Andrew Harnik/Getty Images

Shayna Korol is a Future Perfect fellow.

 

Shayna Korol is a Future Perfect fellow.

 

In just 10 days over the summer of 1854, 500 people died of cholera in the Soho neighborhood of London. The city’s population had more than doubled to 2.3 million people in the first half of the 1800s, and its sewage system could not keep up. But the streams of human waste flowing into the street and seeping into the water supply were considered unconnected to the cholera crisis. The prevailing theory of the day was that bad air — miasma — caused illness.

 

The English physician John Snow thought differently. Five years before the outbreak, he suggested that the diarrheal disease was actually caused by a waterborne infection rather than miasma. He soon had a chance to test his theory, mapping the location of cholera-related deaths in Soho. Snow realized that the victims used one specific water pump on Broad Street, and he persuaded city officials to remove the pump’s handle to prevent anyone else from using it. With the source eliminated, the outbreak, which had already passed its peak, ended in days.

 

Though it took years for Snow’s theory to achieve widespread acceptance, his approach is central to modern epidemiology. Investigating the source of outbreaks can prevent new cases, gives us a better understanding of diseases, and helps us develop strategies for responding to future outbreaks.

 

Two recent outbreaks have demonstrated the necessity — and the challenges — of such investigations, almost two centuries after Snow’s pioneering work.

 

The first was the hantavirus outbreak that dominated headlines last month. Then, on May 17, the World Health Organization (WHO) declared a public health emergency of international concern — the highest level of global health alert — in response to an outbreak of the deadly hemorrhagic disease Ebola in the Democratic Republic of the Congo (DRC). It’s since become one of the largest ever Ebola outbreaks on record. 

 

The first confirmed case, a healthcare worker in Bunia, DRC, died on April 24, but the outbreak may have been spreading undetected since as early as January.

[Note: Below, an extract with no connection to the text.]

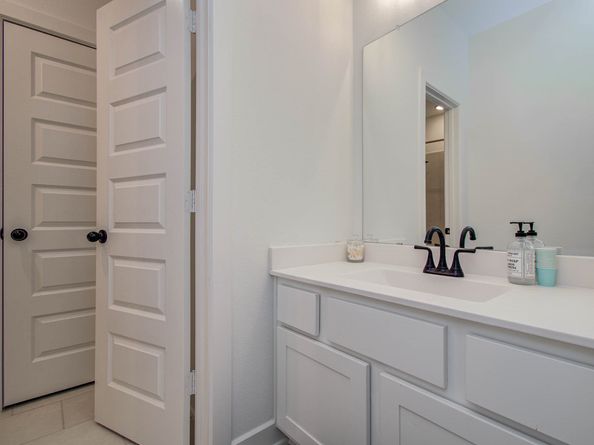 23608 Olive Creek Lane, New Caney TX 77357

Investigators haven’t identified patient zero — the index case — and still don’t know how this outbreak began. 

 

Part of the challenge is that the current outbreak is caused by the Bundibugyo strain of Ebola, which is relatively uncommon and has a genome about 30 percent different from the Ebola viruses that usually spark outbreaks. Testing for more common variants didn’t pick up the Bundibugyo virus right away, and ongoing conflict in the DRC contributed to the delay and continues to make contact tracing difficult. Unlike other strains, the Bundibugyo virus has no approved therapeutics or vaccines.

 

In the past, researchers have had some success identifying the index case of Ebola outbreaks. Investigators managed to identify the first patient of the 2014-2016 West Africa Ebola epidemic — the largest and deadliest in history, with more than 15,000 confirmed cases and 11,000 deaths — as a toddler in the west African nation of Guinea. 

 

What’s harder to definitively determine is how the boy, who died in December 2013 before the outbreak had been identified, contracted it. It’s possible that he came into contact with an Ebola-infected fruit bat or its droppings while playing in a hollow tree, but scientists can’t say for sure.

 

Investigating outbreak origins is inherently fraught and can lead to the international finger-pointing that characterized much of the Covid-19 pandemic. But it’s not primarily about assigning blame. Instead, knowing where and how outbreaks began informs how we respond to them, halts transmission, communicates to the public, and prevents them from happening again. It can identify high-risk regions and influence how public health officials monitor a disease.

 

As the recent Ebola and hantavirus outbreaks demonstrate, however, that effort is often complicated by a host of factors, and the resulting uncertainty makes it that much harder to manage public health concerns efficiently and well — which is a problem, because, unless we can determine where and how outbreaks began, we’ll be ill-equipped to stop them when they crop up again.

 

Read Shayna’s full story here.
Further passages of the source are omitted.